DATA SUPPLIED section start

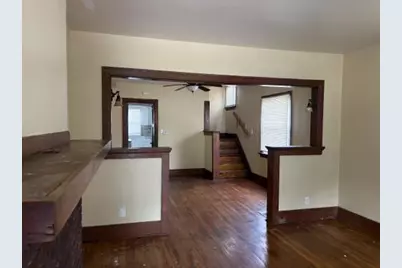 2232 Salem Avenue, Dayton, OH 45406 - Photo 3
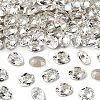 Preciosa&reg MAXIMA Crystal Fancy Stones X-PRC-FF8-00030-1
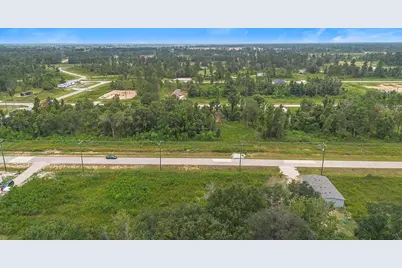 5188 Road 5913-18, Cleveland, TX 77327 - Photo 8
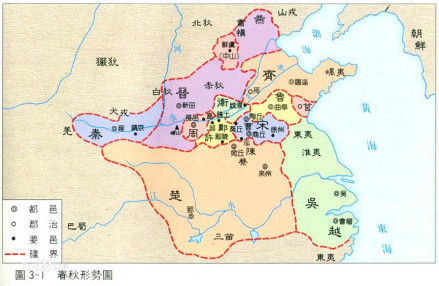 萧国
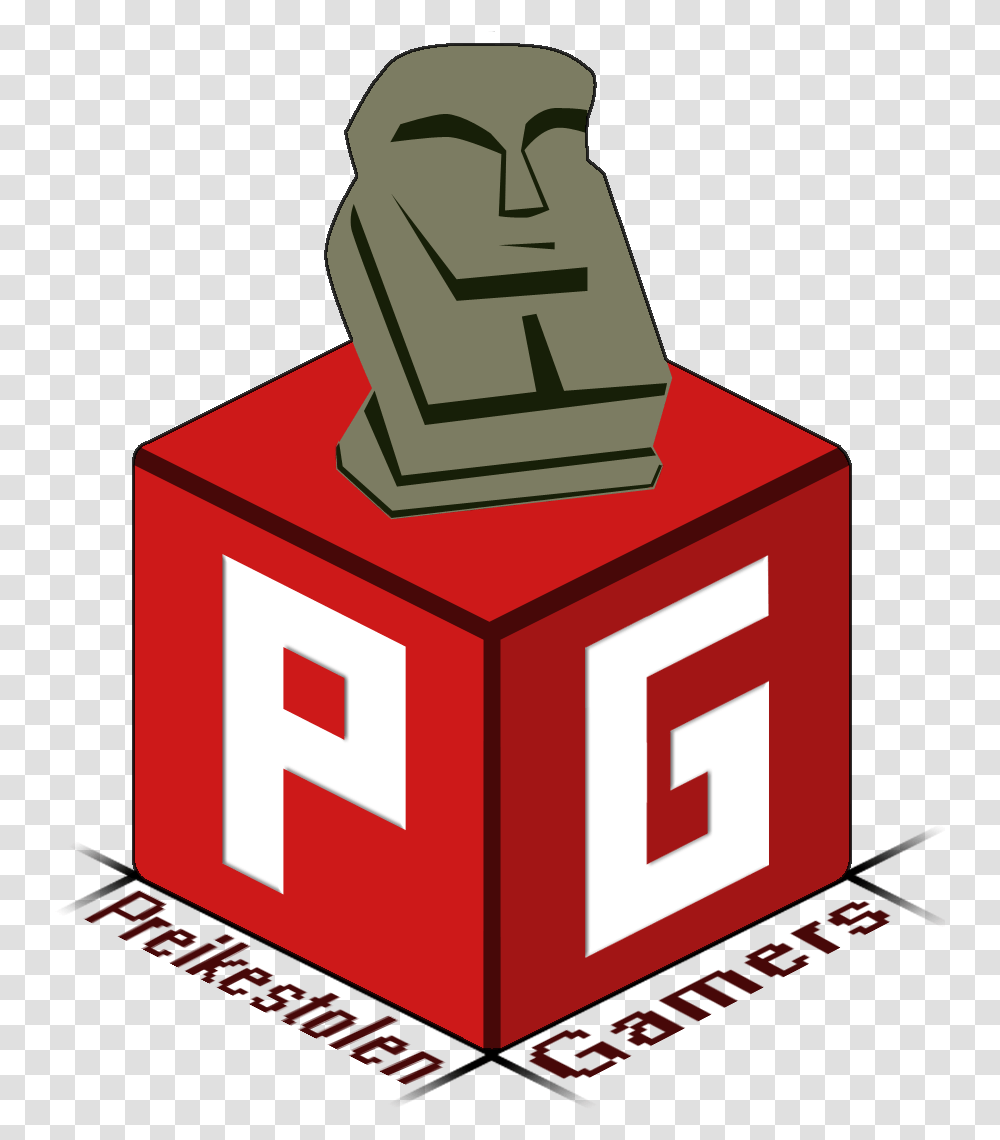 Preikestolen Gamers Logo Clip Art, First Aid, Rubix Cube, Symbol, Text Transparent Png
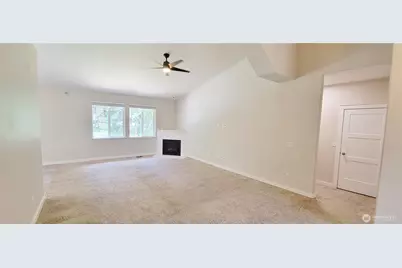 5007 86th Street Ct E, Puyallup, WA 98446 - Photo 2
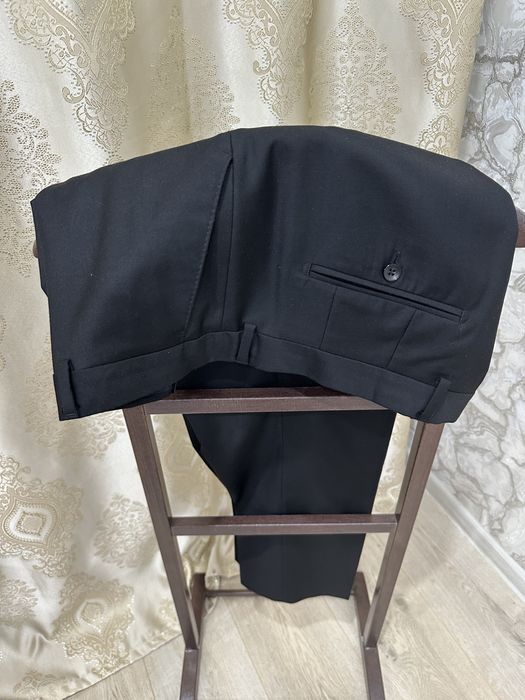 Брюки размер 54-56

DATA SUPPLIED section end

PROBLEM TO WORK ON - Every line from the one with "5188 Road 5913-18, Cleveland, TX" through the end of the records above belongs in the answer, copied exactly; no picture does.

SOLVED PROBLEM -
 5188 Road 5913-18, Cleveland, TX 77327 - Photo 8
 萧国
 Preikestolen Gamers Logo Clip Art, First Aid, Rubix Cube, Symbol, Text Transparent Png
 5007 86th Street Ct E, Puyallup, WA 98446 - Photo 2
 Брюки размер 54-56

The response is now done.